A controversial wind farm proposal in Clearview, Ontario appears to have hit a snag, as yesterday the Ontario Superior Court of Justice ruled that its opponents have the right to launch legal action against it if and when it is approved.
The decision was hailed as a victory for opponents of the proposed project. Eric Gillespie, whose firm Cunningham & Gillespie LLP is acting for the plaintiffs in the action says: “There are many people who have been waiting to see how the courts would respond to these types of claims. It now seems clear that as soon as a project is approved residents can start a claim. This appears to be a major step forward for people with concerns about industrial wind projects across Ontario.”
The proposal, by developer WPD Canada Limited, was to build eight wind turbines. It was rejected by Clearview township 7-2 last August. A report drafted by the town’s director of planning and development, Michael Wynia, cited, among other factors, concerns about health risks and noise levels.
Gillespie, whose firm has acted for clients in at least ten other cases in Ontario where wind farms have been approved, says he expects more legal action as a result of the Ontario Superior Court’s decision. The court, noted the firm, acknowledged a 22% to 50% loss of property values in affected areas. Last year Gillespie told the the Toronto Star that in the East Lake St.
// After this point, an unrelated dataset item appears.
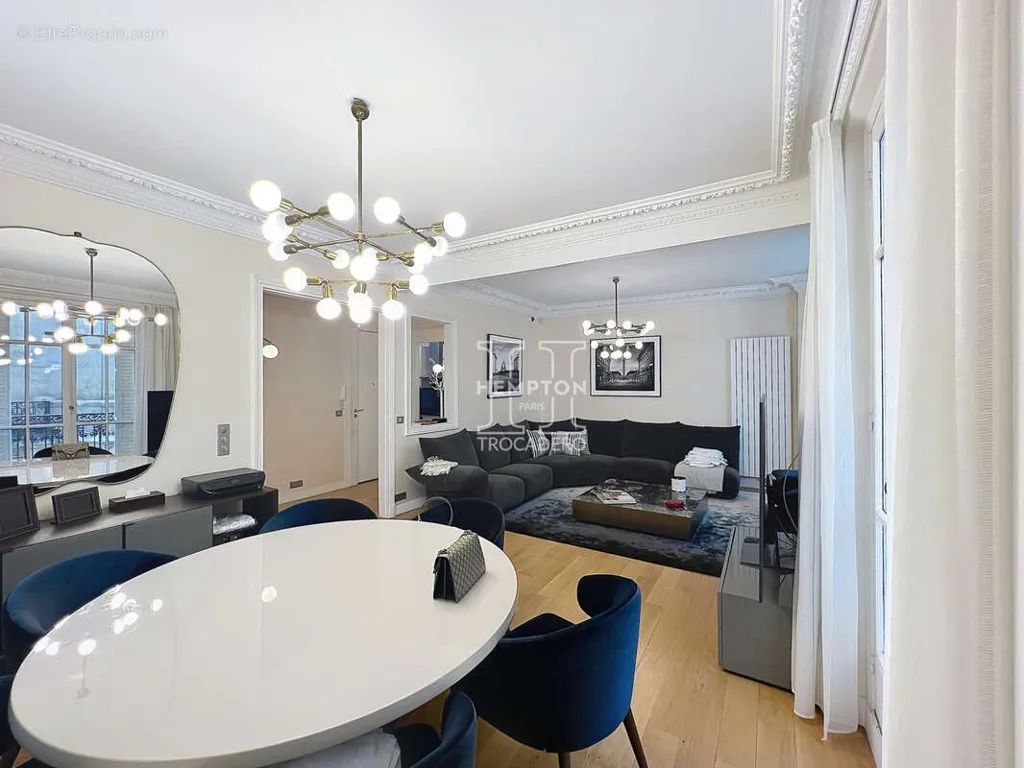 Dining Room - 4-Piece Apartment with Balcony in Passy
Clair wind project near Wallaceburg, Ontario, some claimants should be compensated for the full value of their properties because they could find no buyers at all.
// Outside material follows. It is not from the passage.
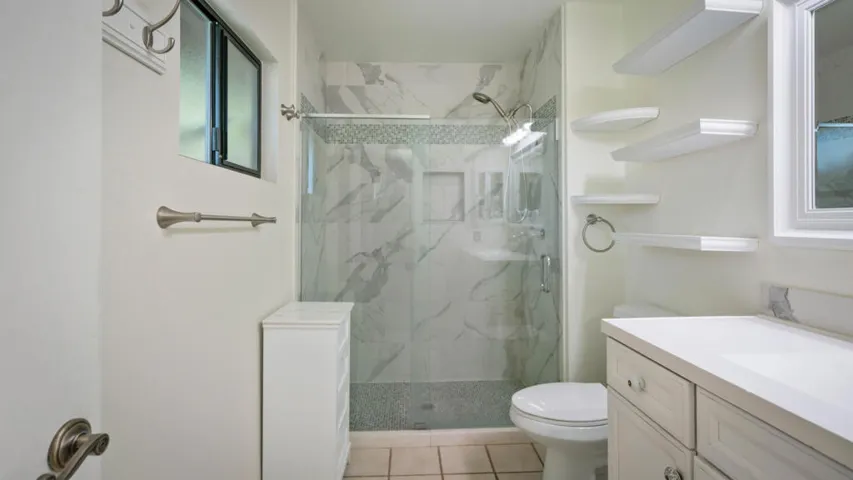 74361 Myrsine Interior-2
Last August, WPD Canada was hit with a $14-million civil lawsuit from Prince Edward County residents concerned that the company’s 29-turbine White Pines wind project would negatively affect their property values.
So are these cases against wind farms about health concerns or property values?
Most all wind farm opponents, including those in the Clearview case, present evidence citing the potential health risks wind farms present. In this case, the court heard from Dr. Robert McMurtry, whom Cunnigham and Gillespie describe as a “medical doctor and internationally recognized and published author on the health effects of industrial wind turbines.”
McMurtry told the court that “There is also a high probability that the proposal will cause one or more of the following adverse health effects at the plaintiffs’ properties: sleep disturbance, annoyance, headache, tinnitus, ear pressure, dizziness, vertigo, nausea, visual blurring, tachycardia, irritability, problems with concentration and memory, and/or panic episodes.”
Simon Chapman, professor of public health at Sydney University, looked at wind farms in Australia and found that more than two-thirds of complaints that had been made by people living near wind farms were in areas that were heavily targeted by anti-wind farm lobbyists.
“The advent of anti-wind farm groups beginning to foment concerns about health (from around 2009) was also strongly correlated with actual complaints being made,” says the report.
Chapman, in a piece written last year for Australian news site The Conversation says the medical evidence against wind farms is less than thin.
“…wind turbine syndrome” (which incidentally produces zero returns from the United States National Library of Medicine’s 23 million research papers) is what we can call a “communicated” disease: it spreads via the nocebo effect by being talked about, and is thereby a strong candidate for being defined as a psychogenic condition.”
Chapman says the medical evidence simply doesn’t stand up to peer review.
“There have now been 17 reviews of the available evidence about wind farms and health, published internationally. These are reviews of all studies, not single pieces of research. Each of these reviews have concluded that wind turbines can annoy a minority of people in their vicinity, but that there is no strong evidence that they make people ill,” notes Chapman. “The reviews conclude that pre-existing negative attitudes to wind farms are generally stronger predictors of annoyance than residential distance to the turbines or recorded levels of noise. In other words, people who don’t like wind farms can often be annoyed and worried by them: some might even worry themselves sick.”
No one wants the value of their property to fall because of any project, and Ontario residents should have sympathy for those people who have seen the value of theirs drop by half, in some cases. But the peer reviewed evidence dispelling wind farm sickness raises should raise a simple, singular point: why should property values be dropping at all?